Editor: Eric C. Chaffee
Univ. of Toledo College of Law

Thursday, July 17, 2014

Fisch on Money Market Funds

Jill E. Fisch has posted The Broken Buck Stops Here: Embracing Sponsor Support in Money Market Fund Reform on SSRN with the following abstract:

Since the 2008 financial crisis, in which the Reserve Primary Fund “broke the buck,” money market funds (MMFs) have been the subject of ongoing policy debate. Many commentators view MMFs as a key contributor to the crisis, in part because widespread redemption demands during the days following the Lehman bankruptcy led to a freeze in the credit markets. The response has been to deem MMFs a component of the nefarious shadow banking industry and to target them for regulatory reform.

Determining the appropriate approach to MMF reform has proven difficult. Banks regulators prefer a requirement that MMFs trade at a floating NAV rather than a stable $1 share price. By definition, a floating NAV would prevent future MMFs from breaking the buck, but it is unclear that it would eliminate the risk of large redemptions in a time of crisis. Other reform proposals have similar shortcomings. More fundamentally, pending reform proposals could substantially reduce the utility of MMFs for many investors, which could, in turn, dramatically reduce the availability of short term credit.

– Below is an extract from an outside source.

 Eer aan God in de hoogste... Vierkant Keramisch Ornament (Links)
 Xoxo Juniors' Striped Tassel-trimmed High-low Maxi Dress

The complexity of regulating MMFs has been exacerbated by a turf war among regulators. The Securities and Exchange Commission has battled with bank regulators both about the need for additional reforms and about the structure and timing of any such reforms. Importantly, the involvement of bank regulators has shaped the terms of the debate. To justify their demands for greater regulation, bank regulators have framed the narrative of MMF fragility using banking rhetoric. This rhetoric masks critical differences between banks and MMFs, specifically the fact that, unlike banks, MMF sponsors have assets and operations that are separate from the assets of the MMF itself. Because of this structural difference, sponsor support is not a negative for MMFs but a stability-enhancing feature.

The difference between MMFs and banks provides the basis for a simple yet unprecedented regulatory solution: requiring sponsors of MMFs explicitly to guarantee a $1 share price. Taking sponsor support out of the shadows provides a mechanism for enhancing MMF stability that embraces rather than ignoring the advantage that MMFs offer over banks through asset partitioning.